A globalizing world is upon us, but few schools can afford to approach it with experiential learning. Of course, we already rely on experiential learning to teach music, physics, and foreign languages — but what about globalization? Only a fraction of our students study abroad, and even those programs could benefit from more experiential learning tools.
Can games help? Consider a game just launched by the World Bank Institute, called Urgent Evoke. In less than a month, this alternate reality game has engaged 12,000 players from more than 120 countries in a “ten-week crash course in changing the world.” Sound ambitious? With games, ambition can motivate participation. Every Wednesday, a new mission is posted with three parts: (1) learn, (2) act, and (3) imagine.

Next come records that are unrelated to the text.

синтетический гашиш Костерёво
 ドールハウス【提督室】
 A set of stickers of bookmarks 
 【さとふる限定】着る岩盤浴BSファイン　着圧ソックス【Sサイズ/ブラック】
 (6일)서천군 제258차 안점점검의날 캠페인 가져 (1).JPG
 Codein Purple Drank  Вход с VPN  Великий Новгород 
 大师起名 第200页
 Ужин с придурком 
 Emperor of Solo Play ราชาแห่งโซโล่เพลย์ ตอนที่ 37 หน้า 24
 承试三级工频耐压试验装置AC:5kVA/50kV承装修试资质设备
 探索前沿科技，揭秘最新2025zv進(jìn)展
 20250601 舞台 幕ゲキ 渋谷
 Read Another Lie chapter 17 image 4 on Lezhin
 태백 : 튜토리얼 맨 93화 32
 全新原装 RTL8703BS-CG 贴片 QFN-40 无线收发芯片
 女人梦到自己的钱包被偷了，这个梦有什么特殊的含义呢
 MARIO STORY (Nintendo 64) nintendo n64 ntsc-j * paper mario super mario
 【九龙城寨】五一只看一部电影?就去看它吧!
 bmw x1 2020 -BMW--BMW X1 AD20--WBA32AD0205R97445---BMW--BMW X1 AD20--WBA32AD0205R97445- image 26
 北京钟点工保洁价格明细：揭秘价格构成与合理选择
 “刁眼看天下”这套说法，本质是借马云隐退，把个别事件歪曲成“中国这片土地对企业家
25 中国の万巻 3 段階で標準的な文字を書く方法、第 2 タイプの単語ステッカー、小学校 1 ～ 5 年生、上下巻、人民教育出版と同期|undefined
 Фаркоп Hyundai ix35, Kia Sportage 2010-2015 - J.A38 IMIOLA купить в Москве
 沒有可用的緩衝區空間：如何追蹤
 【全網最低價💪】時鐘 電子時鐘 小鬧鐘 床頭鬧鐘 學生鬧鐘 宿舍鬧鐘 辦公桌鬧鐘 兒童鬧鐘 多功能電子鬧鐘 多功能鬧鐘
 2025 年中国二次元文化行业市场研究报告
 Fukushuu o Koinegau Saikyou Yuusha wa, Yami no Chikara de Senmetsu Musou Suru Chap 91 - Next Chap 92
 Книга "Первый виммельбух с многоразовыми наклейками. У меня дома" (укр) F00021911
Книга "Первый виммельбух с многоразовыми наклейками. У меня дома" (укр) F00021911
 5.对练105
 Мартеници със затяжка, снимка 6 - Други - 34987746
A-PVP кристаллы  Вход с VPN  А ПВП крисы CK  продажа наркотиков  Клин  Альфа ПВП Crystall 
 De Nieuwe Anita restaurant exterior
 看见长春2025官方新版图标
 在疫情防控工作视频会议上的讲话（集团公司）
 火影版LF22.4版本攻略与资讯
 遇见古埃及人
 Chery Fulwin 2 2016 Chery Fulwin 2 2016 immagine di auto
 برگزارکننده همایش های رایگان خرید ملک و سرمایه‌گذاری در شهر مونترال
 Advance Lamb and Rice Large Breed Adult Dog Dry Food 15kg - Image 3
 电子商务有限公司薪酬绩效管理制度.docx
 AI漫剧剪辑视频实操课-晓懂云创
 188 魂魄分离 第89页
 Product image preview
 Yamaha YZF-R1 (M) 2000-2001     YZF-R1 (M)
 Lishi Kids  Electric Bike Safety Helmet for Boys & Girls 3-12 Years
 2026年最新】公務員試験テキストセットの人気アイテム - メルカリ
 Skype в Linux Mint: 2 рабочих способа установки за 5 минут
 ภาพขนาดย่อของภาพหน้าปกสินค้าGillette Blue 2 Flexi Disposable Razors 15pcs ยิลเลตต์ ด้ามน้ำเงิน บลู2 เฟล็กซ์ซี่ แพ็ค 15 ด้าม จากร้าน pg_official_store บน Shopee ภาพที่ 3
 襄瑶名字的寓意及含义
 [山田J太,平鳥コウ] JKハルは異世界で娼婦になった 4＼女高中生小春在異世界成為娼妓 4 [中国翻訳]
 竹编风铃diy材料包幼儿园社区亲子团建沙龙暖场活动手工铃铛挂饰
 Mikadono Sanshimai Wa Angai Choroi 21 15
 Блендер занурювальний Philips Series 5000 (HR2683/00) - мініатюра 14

Some missions are straightforward, while others are wildly creative. Players might use their own camera phones to document how they “increased the food security of one person.” Or they might be challenged to write a blog post identifying their favorite “social innovation strategy” (based on expert reports). Assessment is embedded: players must provide evidence of their learning in multimedia form, effectively a digital portfolio. Learning is structured around knowledge and skills according to 10 objectives, including “entrepreneurship”, “resourcefulness”, and “collaboration.” Leading scores are posted publicly: http://www.urgentevoke.com/page/top-agents.
This game (and I use the term broadly) explicitly overlaps with the real world online, building skills needed for today’s knowledge economy. In the process, players are pushed into conversation with youth around the world, especially in Africa. Might it connect to schools? The designers could easily incorporate textbook examples, or well-studied artifacts. More broadly, such games introduce a new way to structure and motivate learning. We don’t know the impact of Urgent Evoke yet, but given the pressing challenges of globalization, this is one game worth watching.
P.S. — Is the game also whitewashing the World Bank? Some critics have launched a nice parody, calling Urgent Evoke a “crash course in saving capitalism,” and arguing that institutions like the Bank are responsible for some of global poverty’s persistence. Important points. Yet most games lack Evoke’s discursive space, which encourages multimedia commentary across countries. So I see two challenges: one is whether the critics will be heard within the game’s own discourse channels. Second, if the Bank’s game is only one perspective, who will fund alternatives? (See Alan’s post earlier this week calling for a National Public Gaming Initiative). If the learning of Evoke is powerful, do we need comparative gaming to ensure open minds?